言祝ぎの子 漆 ー国立神役修詞高等学校ー



「りゅ、隆永さま……? もう起きてよろしいんですか?」

「おう。迷惑かけて悪かったな。社の復興もお前たちに任せっきりで申し訳ない。お前が指揮をとってくれてたんだろう。助かった」


いえ、と答えた自分の声は混乱と動揺が隠しきれていない。そんな私に気付いたのか、隆永さまはフッと表情を和らげて私の前に座った。

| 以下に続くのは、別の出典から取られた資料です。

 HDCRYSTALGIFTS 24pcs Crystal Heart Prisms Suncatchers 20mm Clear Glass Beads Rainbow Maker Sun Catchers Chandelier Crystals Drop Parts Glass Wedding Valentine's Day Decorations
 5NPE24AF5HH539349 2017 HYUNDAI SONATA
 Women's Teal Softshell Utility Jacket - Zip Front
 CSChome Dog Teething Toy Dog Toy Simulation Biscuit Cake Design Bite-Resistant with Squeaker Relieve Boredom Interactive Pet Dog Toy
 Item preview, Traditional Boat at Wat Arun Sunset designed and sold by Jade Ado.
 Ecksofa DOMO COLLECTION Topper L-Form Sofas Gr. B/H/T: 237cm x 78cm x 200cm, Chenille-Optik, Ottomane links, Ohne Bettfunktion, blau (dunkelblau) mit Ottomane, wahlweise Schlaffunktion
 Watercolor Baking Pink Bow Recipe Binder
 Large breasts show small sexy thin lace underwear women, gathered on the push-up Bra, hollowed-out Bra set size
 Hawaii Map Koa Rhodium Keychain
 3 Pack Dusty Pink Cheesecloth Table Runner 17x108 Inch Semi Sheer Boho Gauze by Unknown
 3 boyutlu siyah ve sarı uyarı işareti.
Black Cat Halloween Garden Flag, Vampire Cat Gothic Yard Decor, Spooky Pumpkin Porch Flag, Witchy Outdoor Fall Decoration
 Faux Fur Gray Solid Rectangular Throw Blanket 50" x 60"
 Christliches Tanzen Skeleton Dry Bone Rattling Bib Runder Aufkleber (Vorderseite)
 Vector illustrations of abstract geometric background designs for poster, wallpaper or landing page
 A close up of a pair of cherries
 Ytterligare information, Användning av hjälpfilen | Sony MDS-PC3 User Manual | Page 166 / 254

穏やかな顔だった。幸さまがまだ生きていらっしゃった頃のような。

光が消えたと思っていた瞳には、ちゃんと私が映っている。


「二つお前に大事な話がある」

「話、でしょうか」


ああ、とひとつ頷いた隆永さまは、文机の上に置いていた紙をとって私に手渡す。ざっと上から目を通し、我が目を疑った。


「お前、明日からここの権宮司な」


それはわくたかむの社に仕える神職が受け取る任命書だった。

私の名前、日付、そして権宮司に任命するという文言。間違いなく任命書だ。

権宮司といえば、宮司の次の位だ。宮司が不在の間は宮司と同等の権力を持つ。


「ちょ、ちょっと待ってください。急すぎませんか?」

「そうだな、急かもな」


ははは、と声を上げて笑った隆永さまを絶句してみつめる。

突然の任命もそうだが、この人が笑った顔を見たのが十数年ぶりだったからだ。


「後もうひとつ、歴代の宮司にしか引き継がれていないことを教える。芽が奪った宝物殿の國舘剣(くにたちのつるぎ)は────」


明かされた事実に私はまた言葉を失う。

その事実に驚愕したのもそうだが、その事実をなぜ私に教えたのかが理解できなかったからだ。

言いたいことを全ていい終えたのか隆永さまは僅かに微笑むと、「じゃ、あとはよろしく頼むな」そう言って私の背を押し部屋から追い出した。